Real-time media calling with Skype

The Real-Time Media Platform for Bots adds a new dimension to how bots can interact with users by enabling real-time voice, video and screen sharing modalities. This provides the capability to build compelling and interactive entertainment, educational, and assistance bots. Users communicate with real-time media bots using Skype.

This is an advanced capability which allows the bot to send and receive voice and video content frame by frame. The bot has "raw" access to the voice, video and screen-sharing real-time modalities. For example, as the user speaks, the bot will receive 50 audio frames per second, with each frame containing 20 milliseconds (ms) of audio. The bot can perform real-time speech recognition as the audio frames are received, rather than having to wait for a recording after the user has stopped speaking. The bot can also send high-definition-resolution video to the user at 30 frames per second, along with audio.

The Real-Time Media Platform for Bots works with the Skype Calling Cloud to take care of call setup and media session establishment, enabling the bot to engage in a voice and (optionally) video conversation with a Skype caller. The platform provides a simple "socket"-like API for the bot to send and receive media, and handles the real-time encoding and decoding of media, using codecs such as SILK for audio and H.264 for video. A real-time media bot may also participate in Skype group video calls with multiple participants.
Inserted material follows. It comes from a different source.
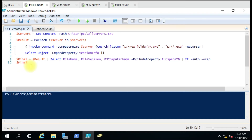Then we are showing the final result. You can also export the final result to a file using the Out-File command followed by the file name. So let's run this now.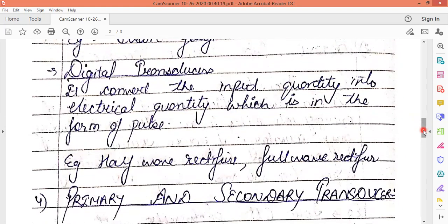Digital transducers convert the input quantity into an electrical quantity in the form of pulses. The output is produced in the form of pulses. Examples include half-wave rectifiers and full-wave rectifiers, which are given as examples of digital transducers.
This article introduces key concepts related to building a bot that can conduct real-time audio and video calls with Skype and provides links to relevant developer resources.

Media session

When a real-time media bot answers an incoming Skype call, it decides whether to support both audio and video modalities, or just audio. For each supported modality, the bot can either both send and receive media, receive only, or send only. For example, a bot may wish to both send and receive audio, but only send video (as it does not want to receive the video of the Skype caller). The set of audio and video modalities established between the Skype caller and the bot is called the media session.

There are two video modalities supported: "main video" and "screen sharing". Main video transmits the video the bot generates, or plays back, to the caller, and transmits the video of the caller (typically from the user’s webcam) to the bot. The screen sharing modality allows the caller to share his or her screen (as a video) with the bot. The bot cannot send screen sharing video to the user.

When joined to a multiparty Skype group video call, the real-time media bot can support receiving multiple main video streams simultaneously. This allows the bot to "see" more than one participant in the group video call.

Frames and frame rate

A real-time media bot interacts directly with the audio and video modalities of a Skype call. This means the bot is sending and/or receiving media as a sequence of frames, where each frame represents a unit of content. One second of audio may be transmitted as a sequence of 50 frames, with each frame containing 20 milliseconds (ms) (1/50th of a second) of content. One second worth of video may be sliced as a sequence of 30 still images, each intended to be viewed for just 33ms (1/30th of a second) before the next video frame is displayed. The number of frames transmitted or rendered per second is called the frame rate. "30fps" indicates 30 frames per second.

Audio format

Each second of audio is represented as 16,000 samples, with each sample storing 16-bits of data. A 20ms audio frame contains 320 samples (640 bytes of data).

Video format

There are several formats supported for video. Two key properties of a video format are its frame size and color format. Supported frame sizes include 640x360 ("360p"), 1280x720 ("720p"), and 1920x1080 ("1080p"). Supported color formats include NV12 (12 bits per pixel) and RGB24 (24 bits per pixel).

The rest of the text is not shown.